* [WORK TO COMPLETE] In full and unchanged, set down the entries that follow, with no images.

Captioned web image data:
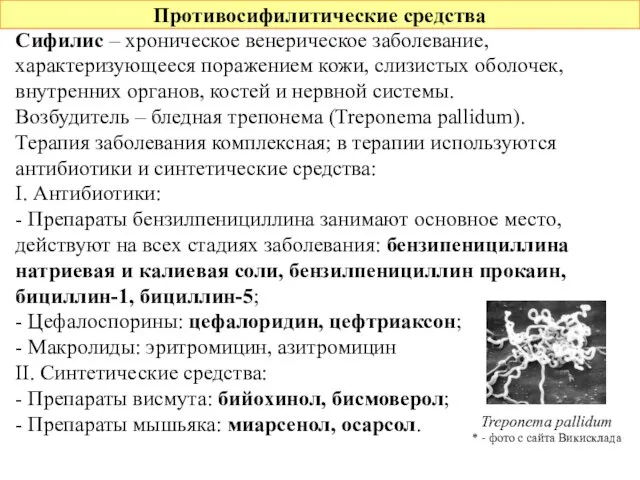 Противосифилитические средства Сифилис – хроническое венерическое заболевание, характеризующееся поражением кожи, слизистых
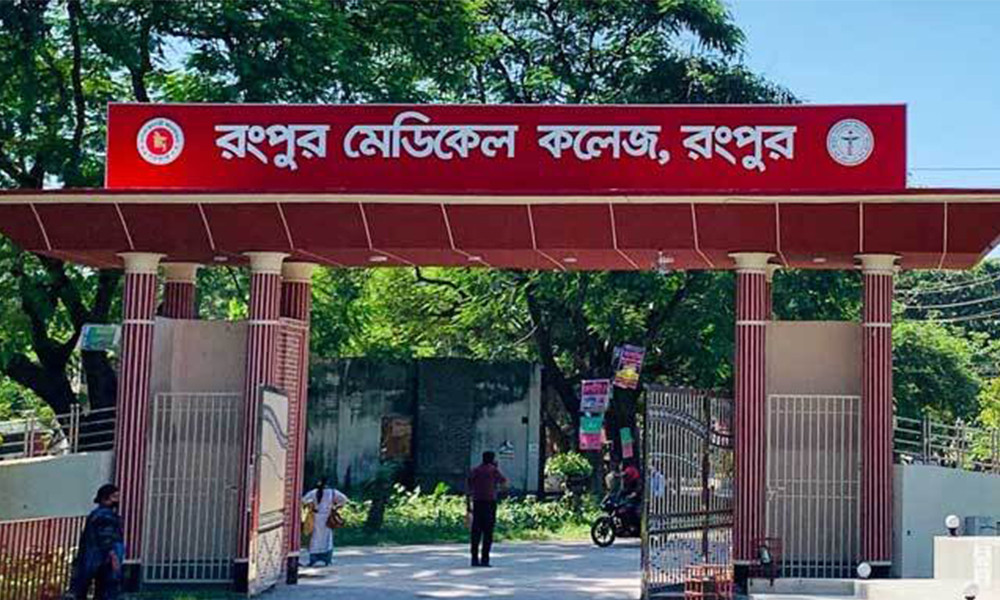 রংপুরে করোনা শনাক্তে আইসোলেশন ওয়ার্ড প্রস্তুত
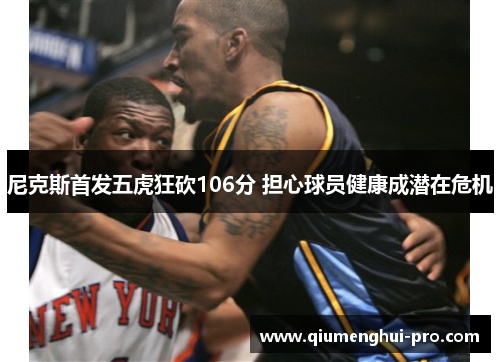 尼克斯首发五虎狂砍106分 担心球员健康成潜在危机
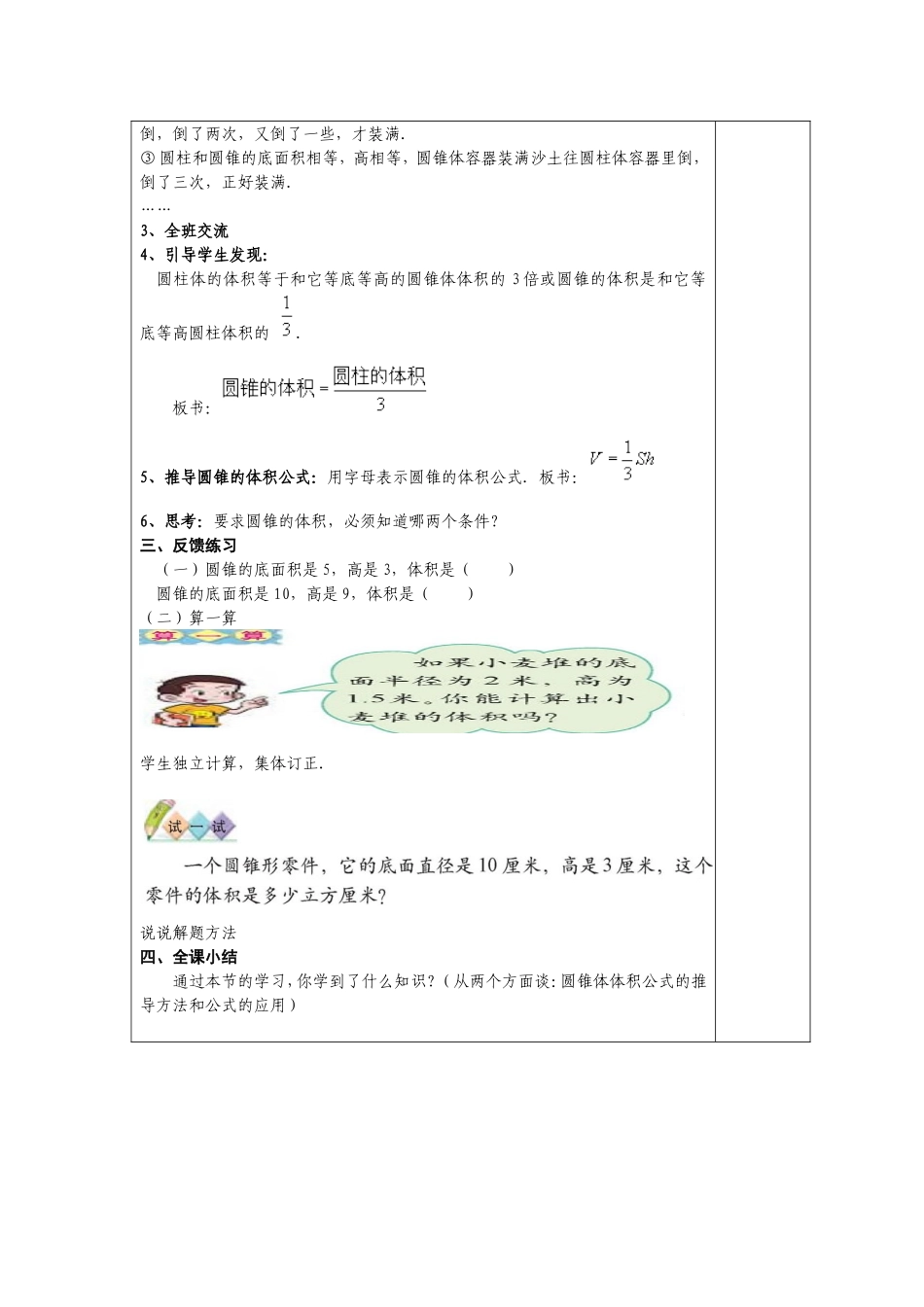 北师大版六年级数学下册第一单元《圆锥的体积》教学设计_第2页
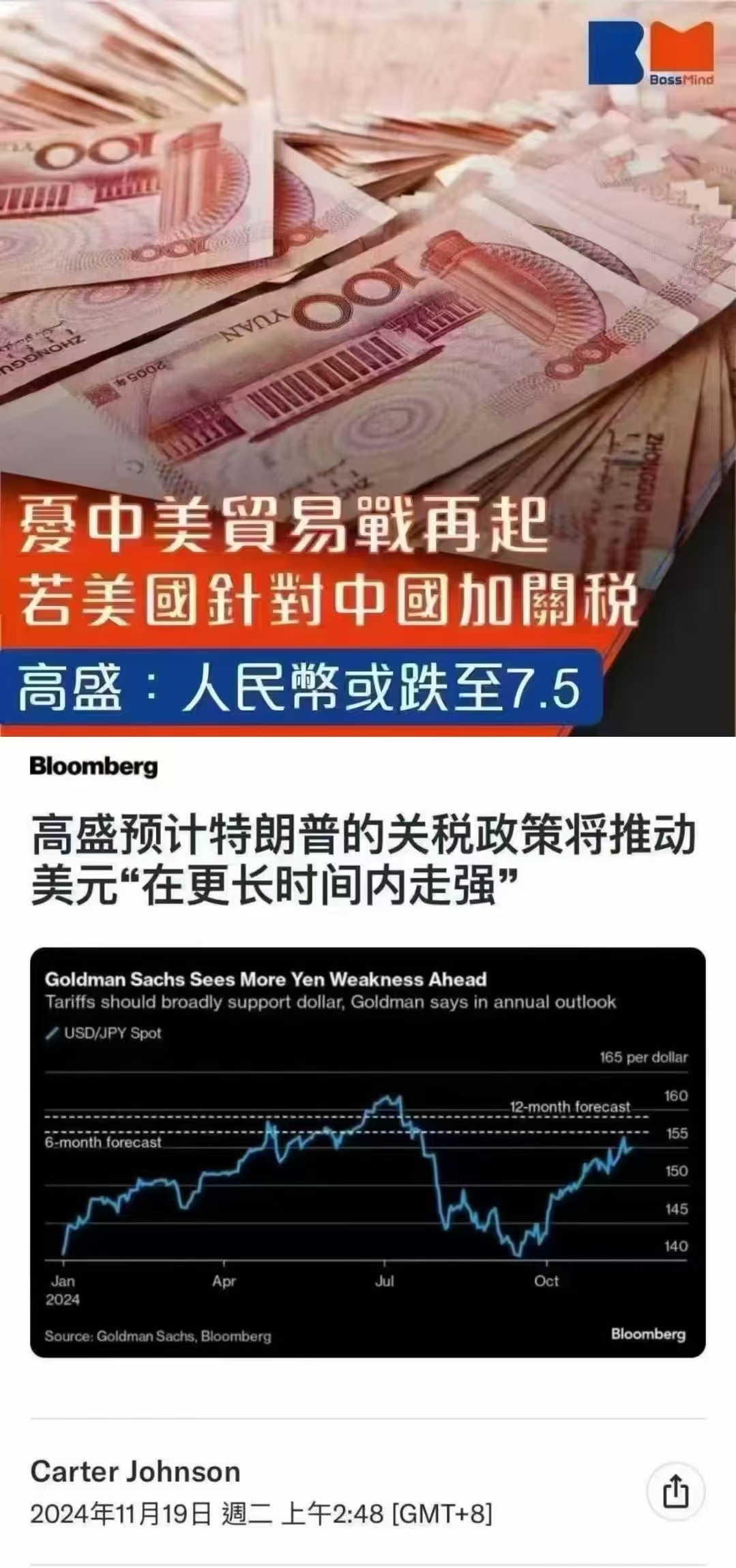 外汇局最新发声!事关人民币汇率、外资增持境内股票情况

* [TASK SOLUTION]
 Противосифилитические средства Сифилис – хроническое венерическое заболевание, характеризующееся поражением кожи, слизистых
 রংপুরে করোনা শনাক্তে আইসোলেশন ওয়ার্ড প্রস্তুত
 尼克斯首发五虎狂砍106分 担心球员健康成潜在危机
 北师大版六年级数学下册第一单元《圆锥的体积》教学设计_第2页
 外汇局最新发声!事关人民币汇率、外资增持境内股票情况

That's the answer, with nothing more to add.